Exercise:
In the data below, begin at the line with "Mueble Microondas 2" and stop after the line with "Canadian symbols and"; output those lines exactly and no pictures.
[Supplied material — start]
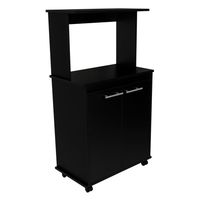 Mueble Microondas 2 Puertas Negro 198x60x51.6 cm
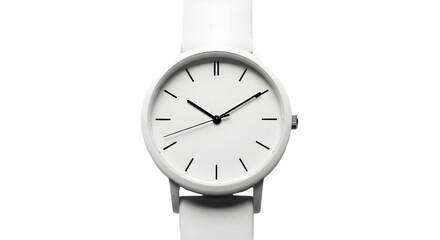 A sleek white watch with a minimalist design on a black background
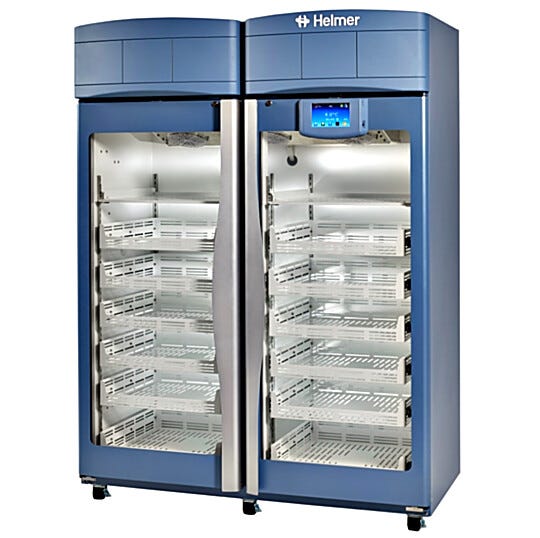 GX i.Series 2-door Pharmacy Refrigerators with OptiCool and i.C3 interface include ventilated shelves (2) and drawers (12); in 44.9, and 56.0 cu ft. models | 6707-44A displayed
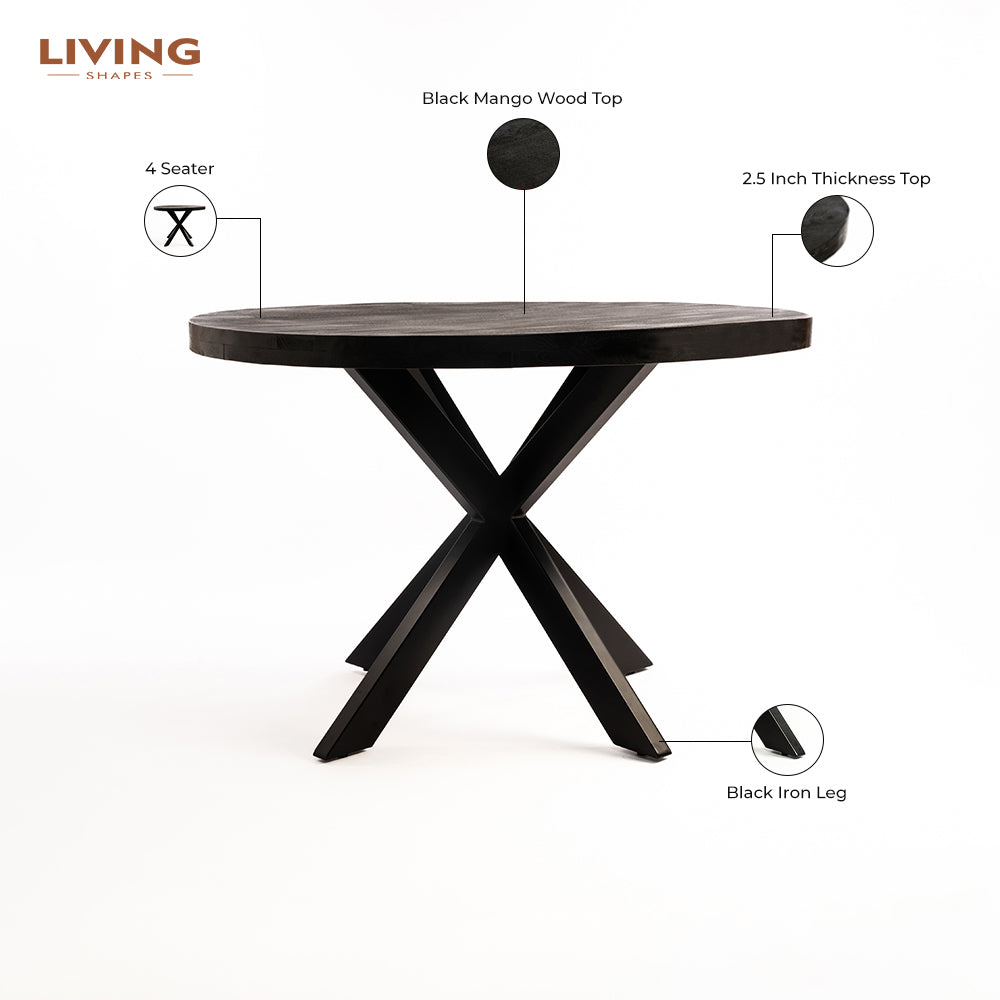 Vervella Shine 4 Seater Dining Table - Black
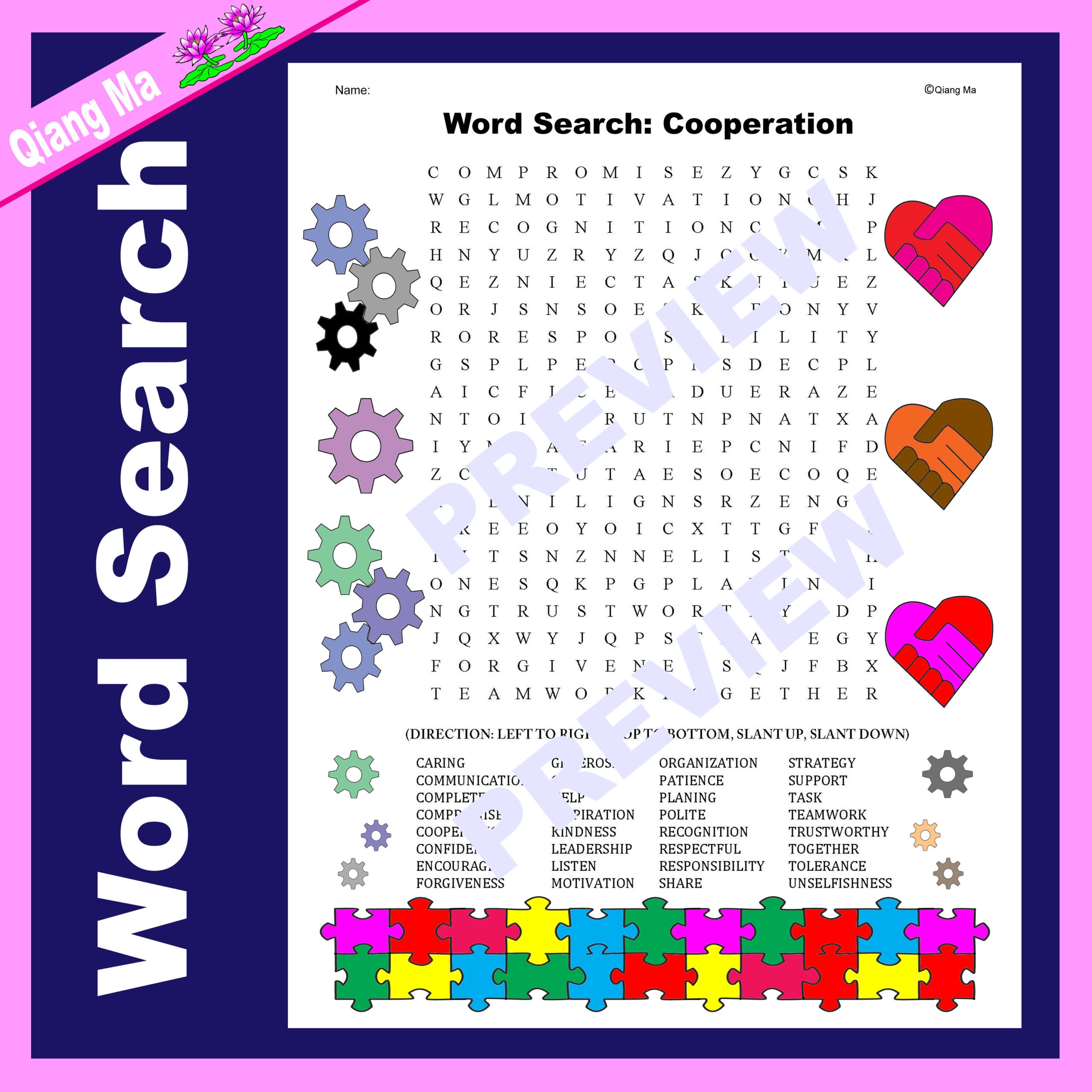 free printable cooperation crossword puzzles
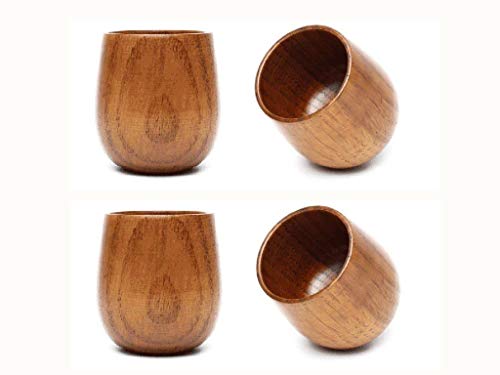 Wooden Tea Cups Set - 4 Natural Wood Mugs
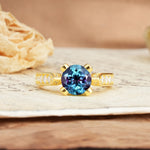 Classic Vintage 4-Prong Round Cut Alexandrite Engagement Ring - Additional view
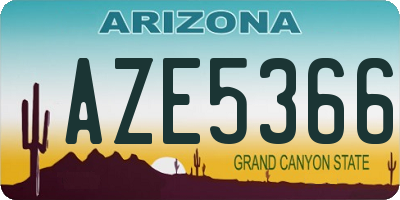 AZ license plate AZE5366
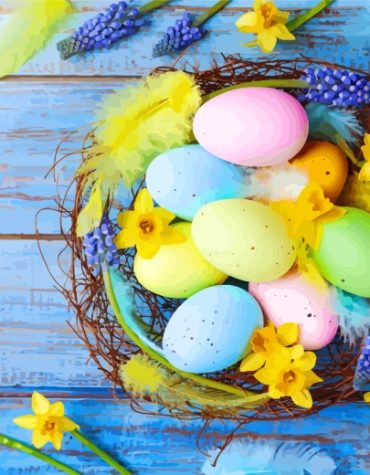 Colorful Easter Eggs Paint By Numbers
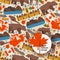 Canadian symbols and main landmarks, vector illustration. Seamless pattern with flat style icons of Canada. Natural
[Supplied material — finish]
[Supplied material — start]
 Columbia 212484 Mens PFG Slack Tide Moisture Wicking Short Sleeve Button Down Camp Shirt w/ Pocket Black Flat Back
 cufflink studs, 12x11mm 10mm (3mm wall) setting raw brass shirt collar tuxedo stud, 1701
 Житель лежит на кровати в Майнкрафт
[Supplied material — finish]
Answer section:
 Mueble Microondas 2 Puertas Negro 198x60x51.6 cm
 A sleek white watch with a minimalist design on a black background
 GX i.Series 2-door Pharmacy Refrigerators with OptiCool and i.C3 interface include ventilated shelves (2) and drawers (12); in 44.9, and 56.0 cu ft. models | 6707-44A displayed
 Vervella Shine 4 Seater Dining Table - Black
 free printable cooperation crossword puzzles
 Wooden Tea Cups Set - 4 Natural Wood Mugs
 Classic Vintage 4-Prong Round Cut Alexandrite Engagement Ring - Additional view
 AZ license plate AZE5366
 Colorful Easter Eggs Paint By Numbers
 Canadian symbols and main landmarks, vector illustration. Seamless pattern with flat style icons of Canada. Natural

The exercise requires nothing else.